▶ [ACTION ITEM] Retype the data that follows line by line, exactly, and leave its pictures out.

▶ [COLLECTED MATERIAL]
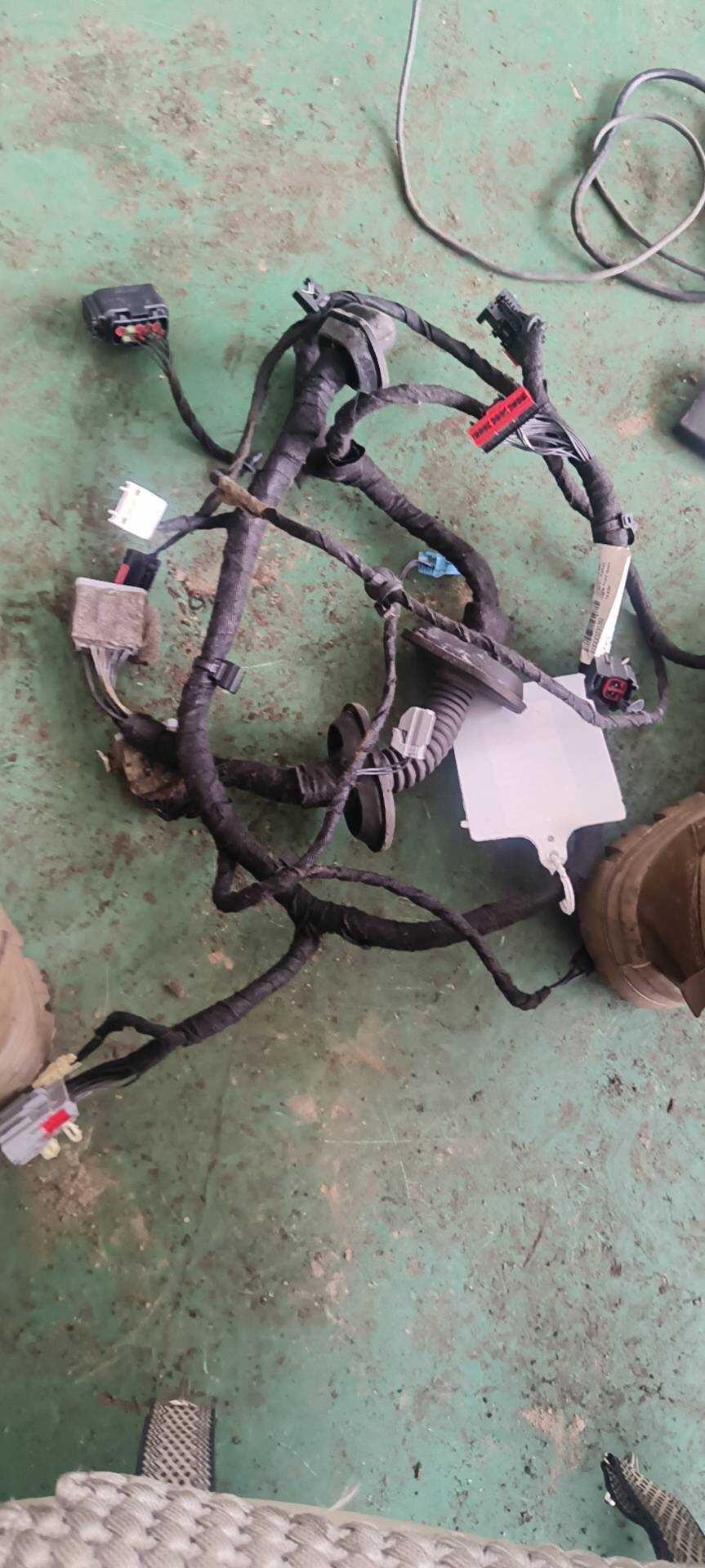 C2Z19668 Front Door Wiring Harness, Left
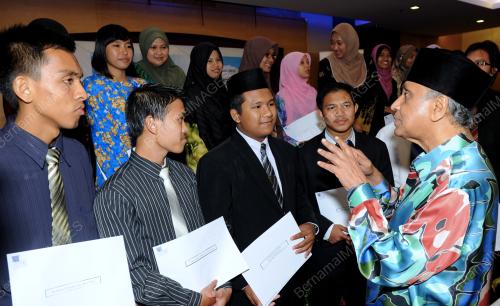 PG04_19052012_PELAJAR_YAYASAN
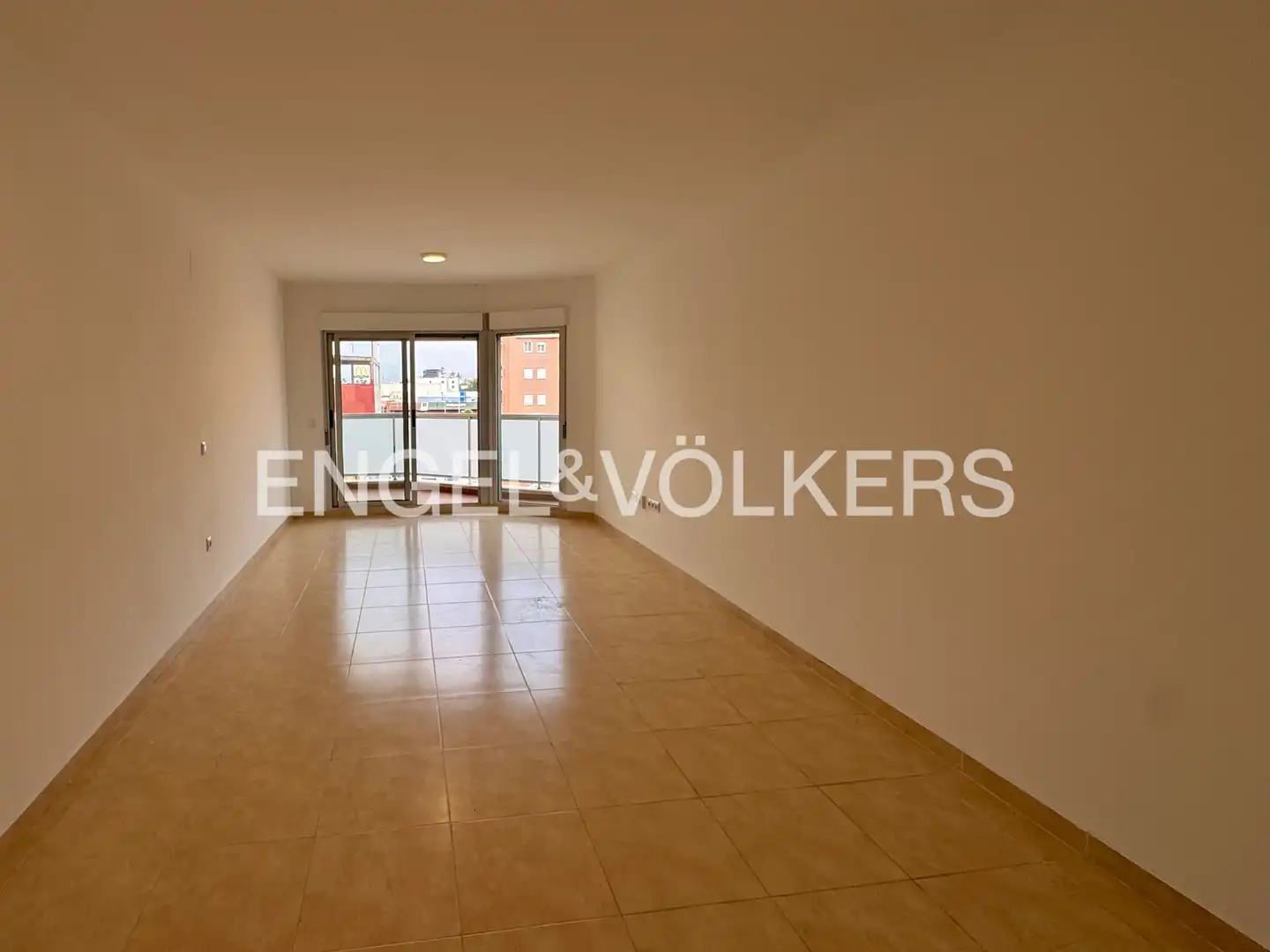 Wohnung zur Miete in Dénia mit Klimaanlage, Heizung und Balkon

▶ [ANSWER TO THIS EXERCISE]
 C2Z19668 Front Door Wiring Harness, Left
 PG04_19052012_PELAJAR_YAYASAN
 Wohnung zur Miete in Dénia mit Klimaanlage, Heizung und Balkon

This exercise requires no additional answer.